While many of us were busy celebrating the Fourth last week, an important milestone slipped by us: the birthday of the bikini. And while the swimwear itself may be itsy-bitsy, this birthday definitely wasn’t - the two-piece turned 65 on July 5.
The concept of the bikini - a garment that covers two very specific areas of the body while leaving the torso bare - has been around for ages. Ancient artwork depicts women wearing similar attire. The modern version of the bikini, however, was invented in 1946 by a man named Louis Reard who was once an engineer for Renault. He was competing against designer Jacques Heim to create the tiniest bathing suit ever.

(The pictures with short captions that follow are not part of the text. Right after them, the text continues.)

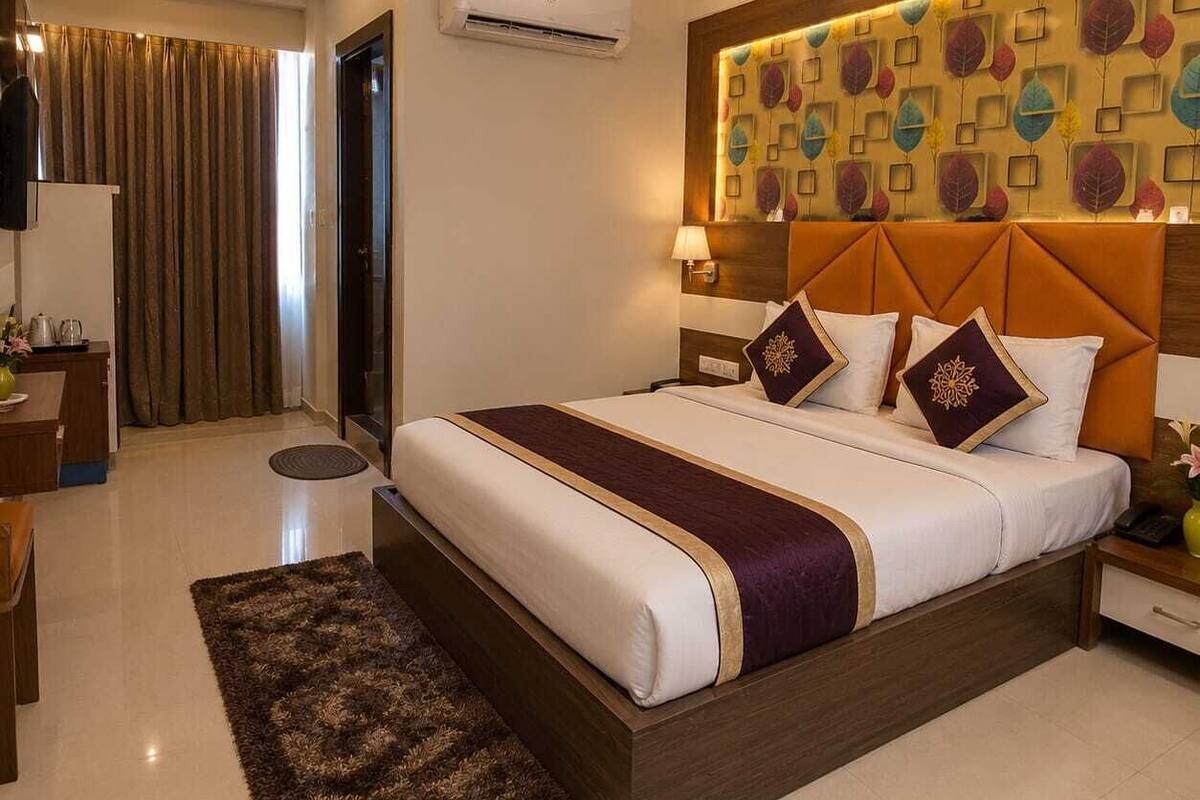 Habitación Deluxe | Sábanas de algodón egipcio y ropa de cama de alta calidad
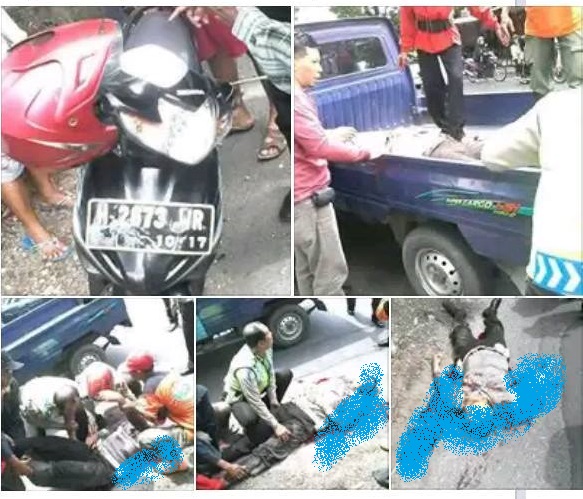 Kalau Agan Sedih Atau Seneng Polisi Meninggal Karena Kejar Motor Di Solo Ini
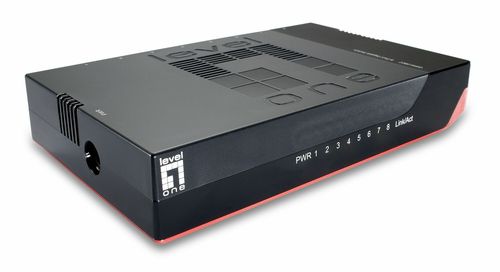 Level One GSW-0807 8-Port Gigabit Switch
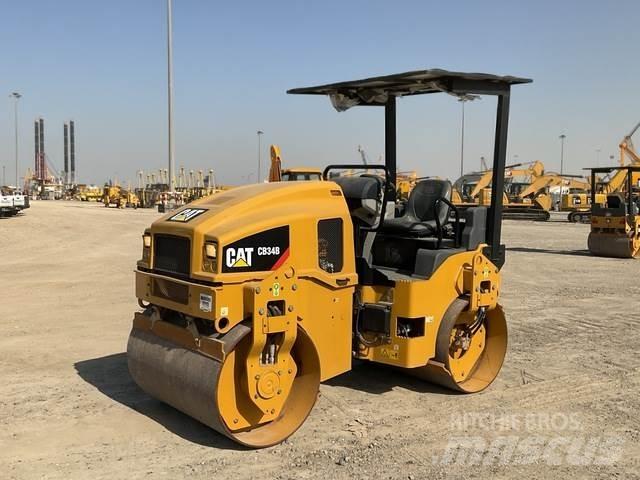 CAT CB34B Rodillos de doble tambor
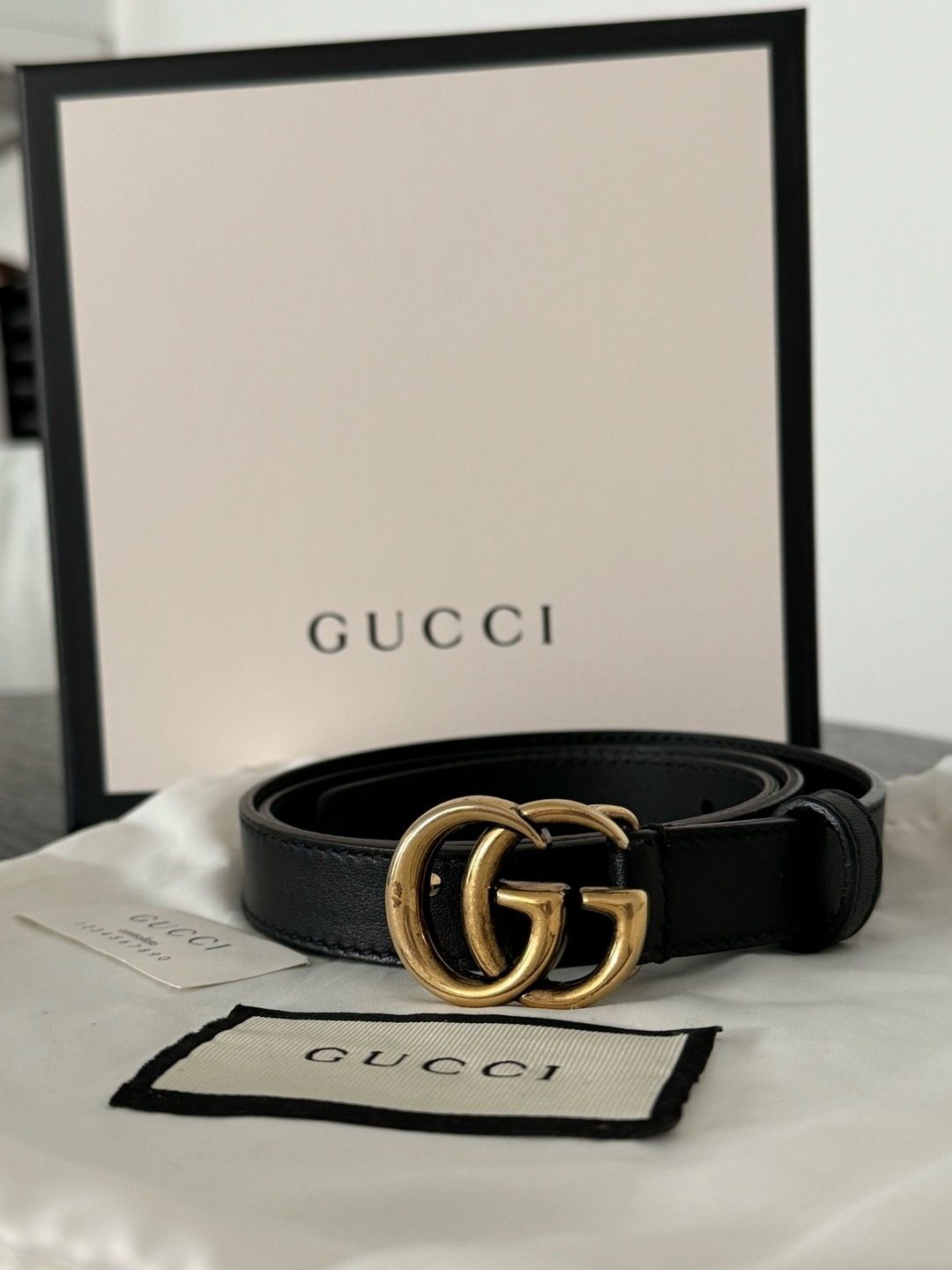 Gucci belt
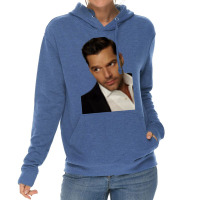 Ricky Martin Opens Up About Marriag Lightweight Hoodie | Artistshot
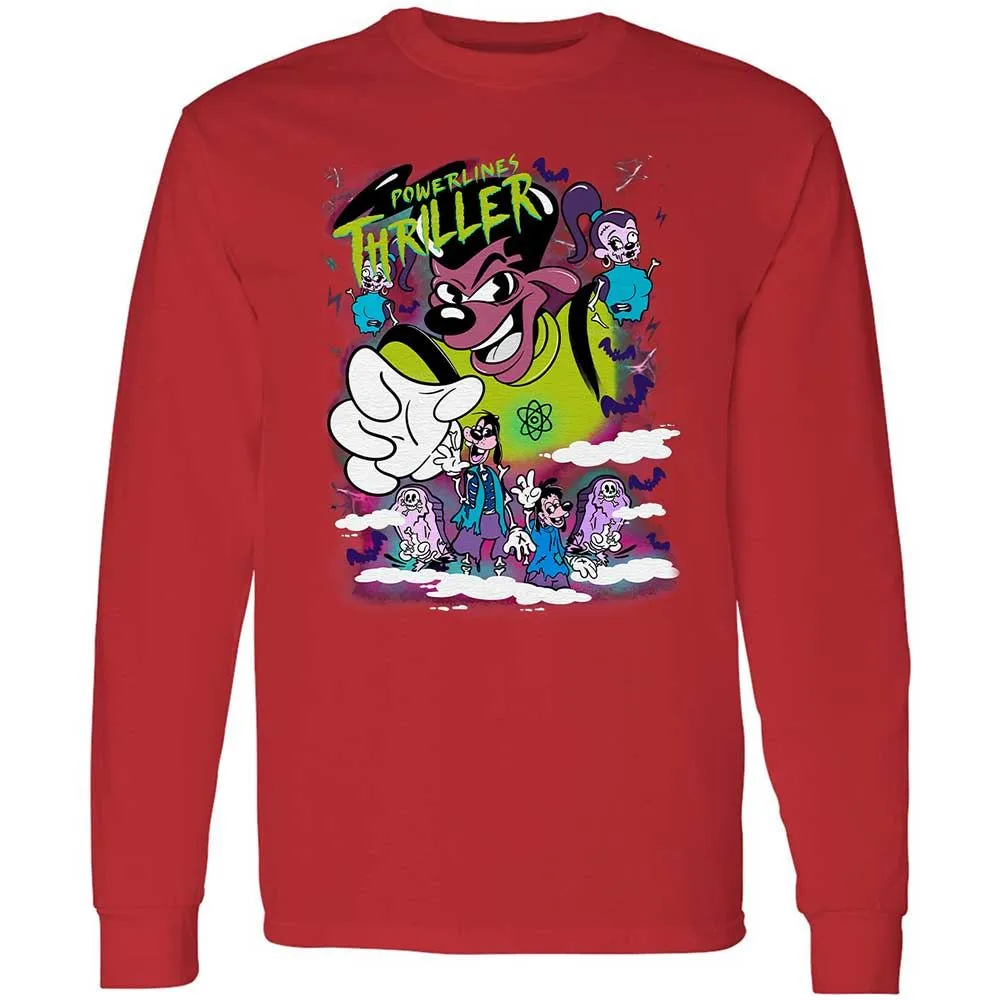 Vintage Pop Cartoon Horror Mashup - Red - 11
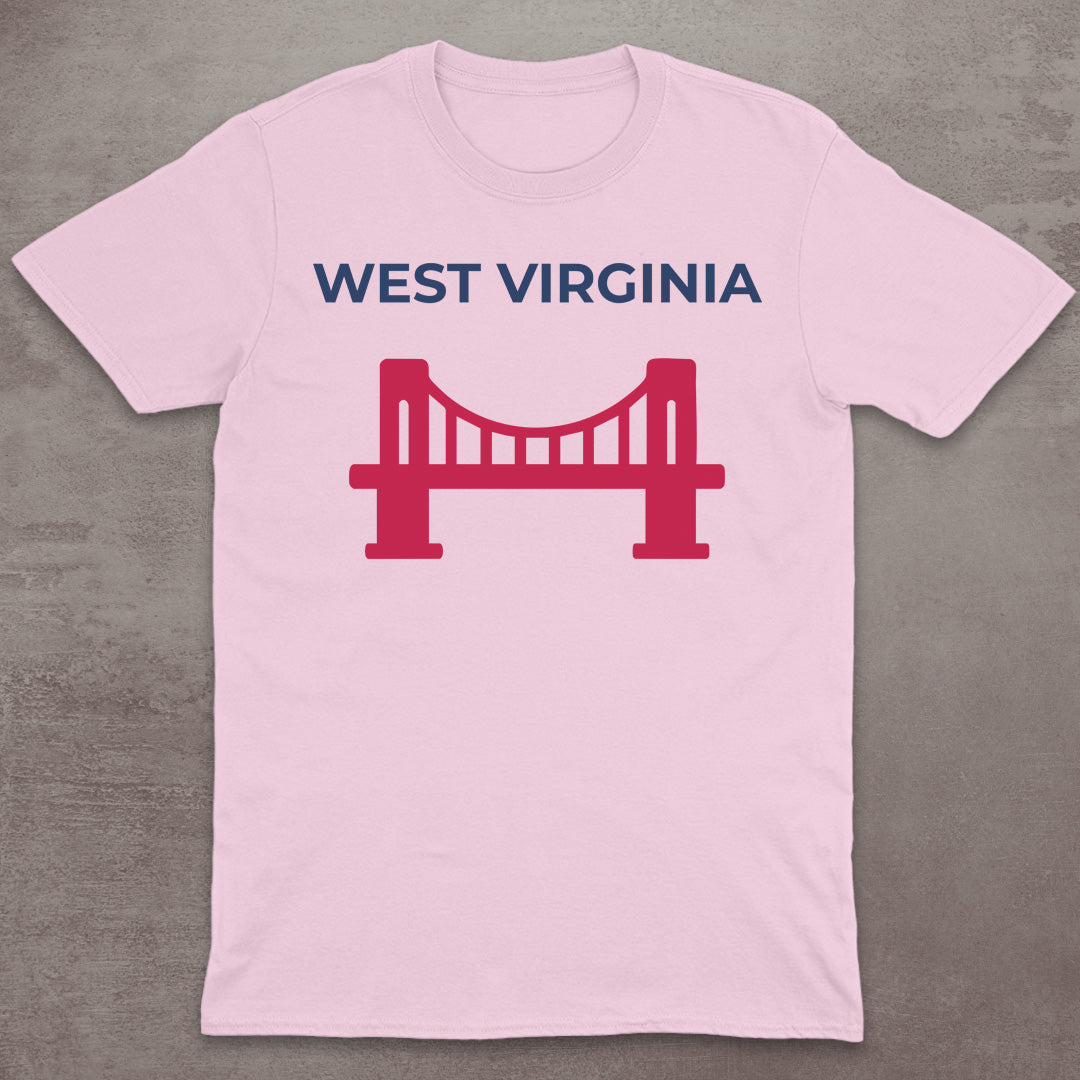 West Virginia Bridge T-Shirt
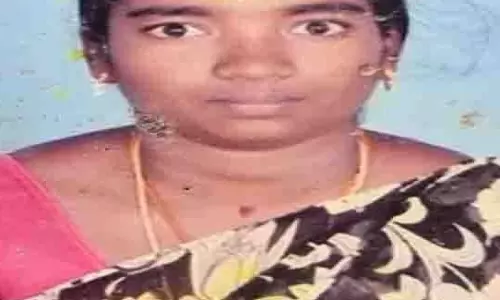 இளம்பெண் அடித்து கொலை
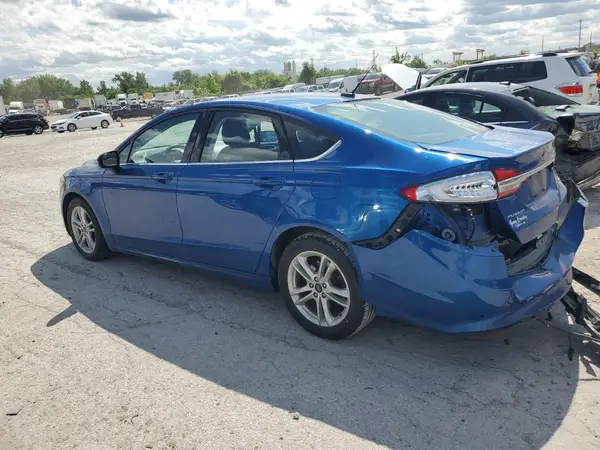 3FA6P0H78JR176602 2018 FORD FUSION - Image 2
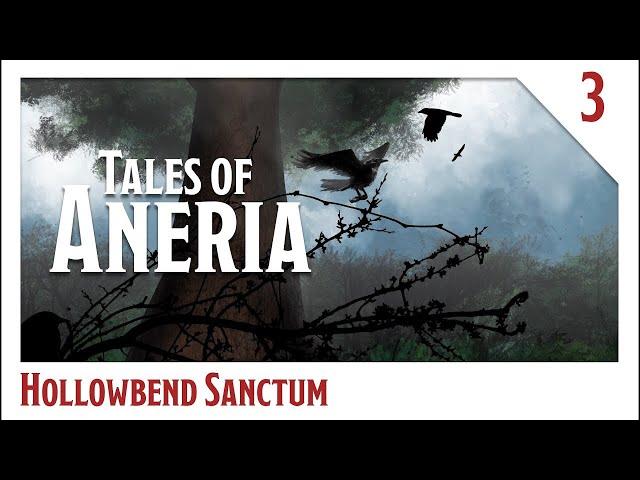 Tales of Aneria - Session 3 - Hollowbend Sanctum  -  D&D Actual Play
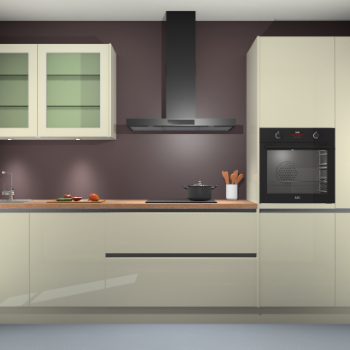 Magnolia hoogglans keuken Cairo 33932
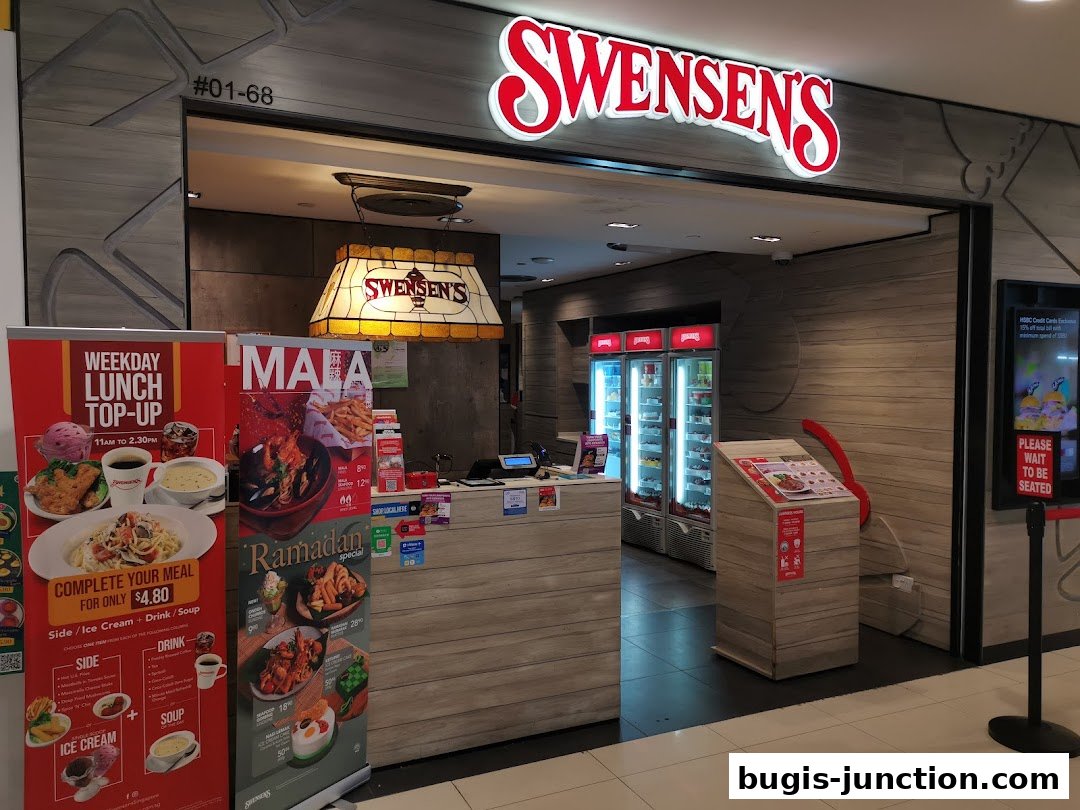 Swensens  Bugis Junction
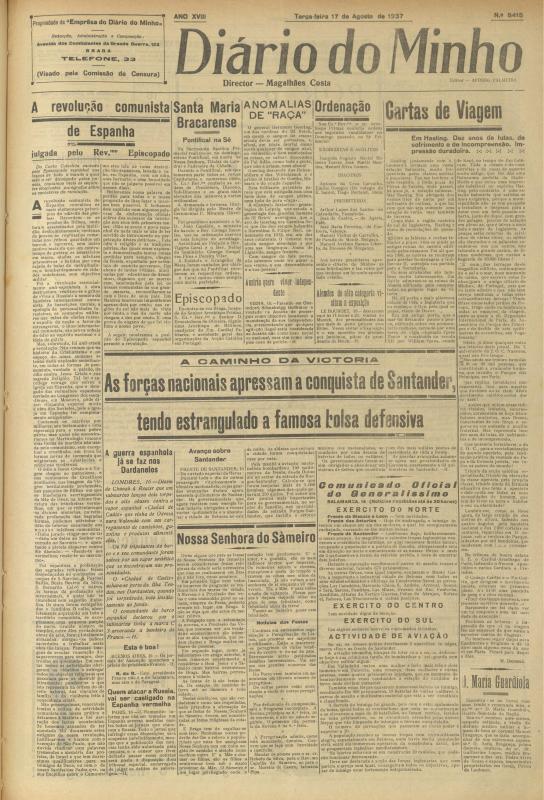 Diário do Minho (1921-1950)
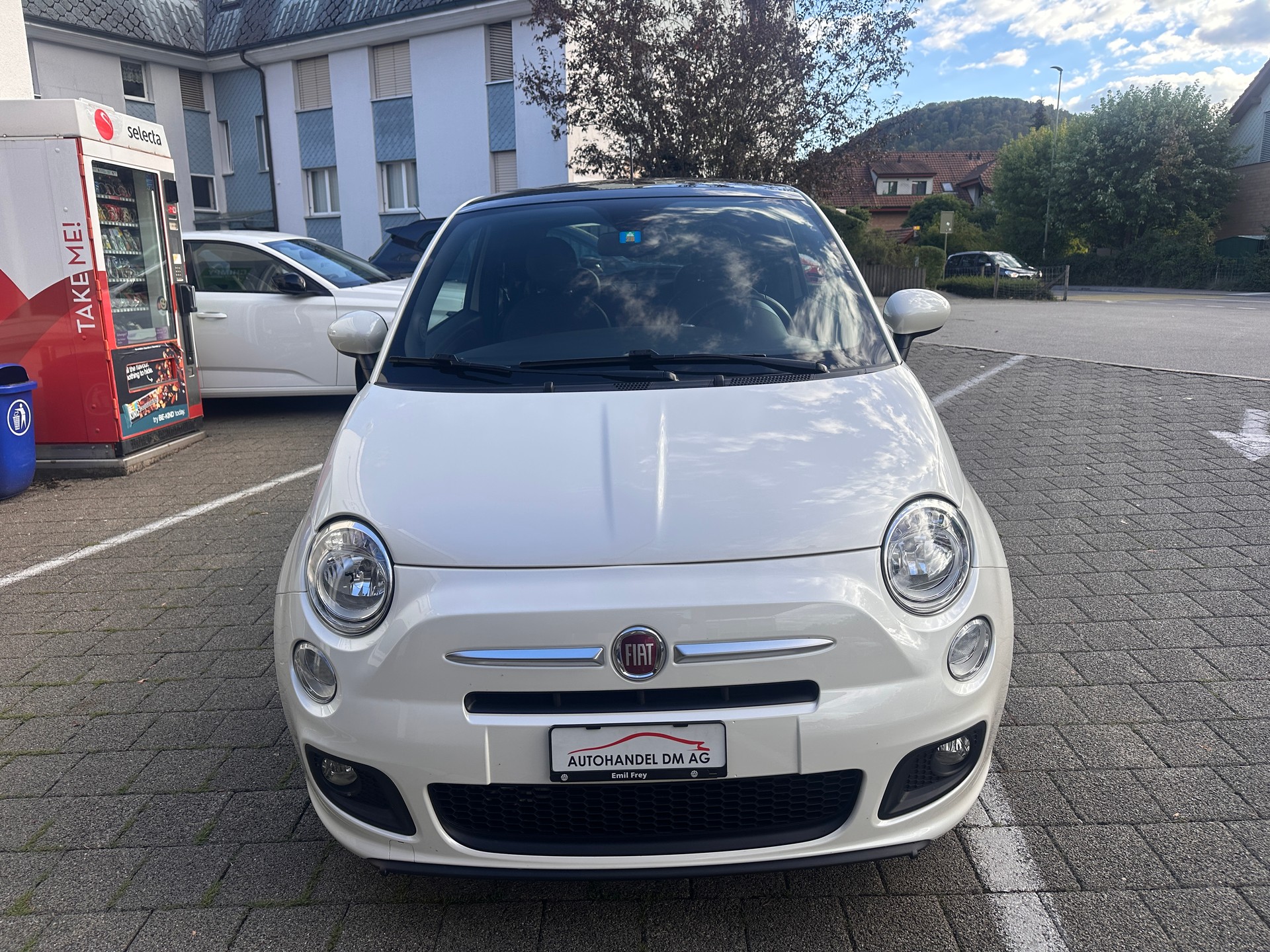FIAT 500 0.9 Twinair Turbo S Dualogic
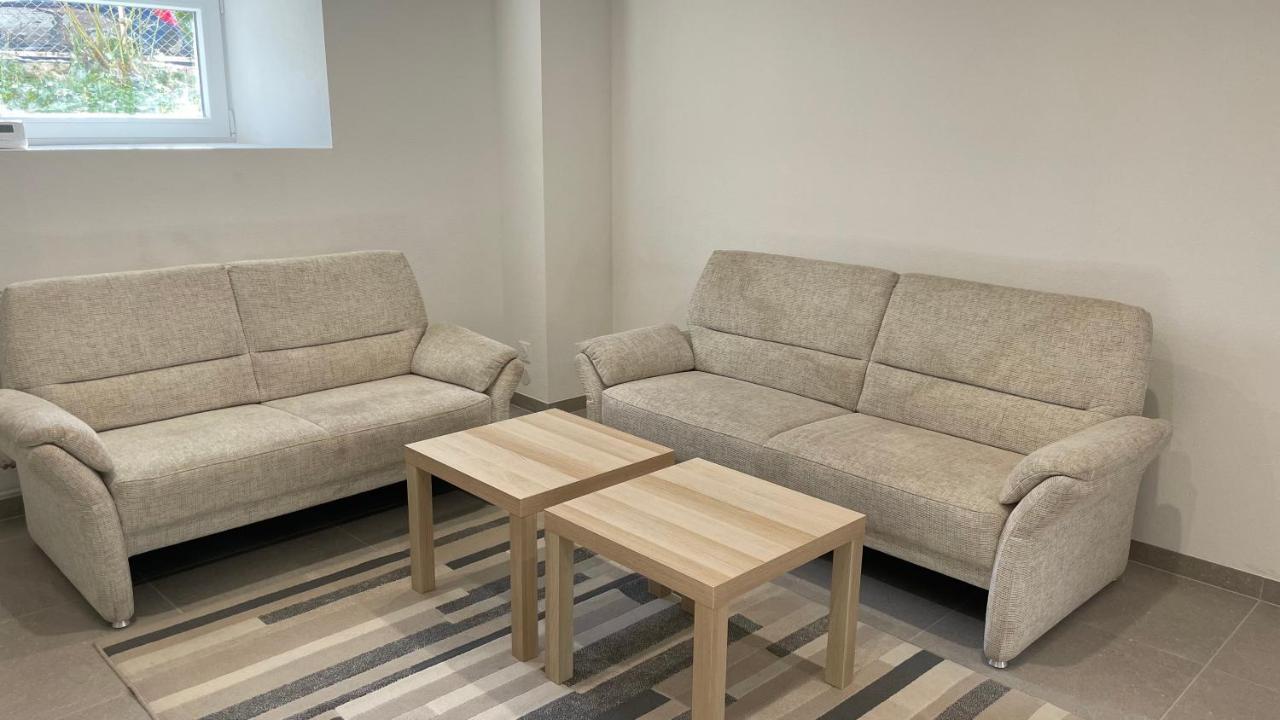 Appartement Bes,, F2 Renove Confort Avec Entree Independante Wittenheim Dış mekan fotoğraf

Although Heim beat Reard to the punch with “the world’s smallest bathing suit,” Reard one-upped him by basically taking a bra and two triangles of fabric and marketing it as “smaller than the world’s smallest bathing suit.” He got exotic dancer Micheline Bernardini (pictured) to debut his daring fashion at Parisian swimming pool Piscine Molitor on July 5, 1946. Bernardini received more than 50,000 letters from new fans.
Although Reard immediately had copycats across the design world, he kept his popularity huge by keeping the amount of fabric small. In the 1950s, he declared that it wasn’t a true bikini “unless it could be pulled through a wedding ring.”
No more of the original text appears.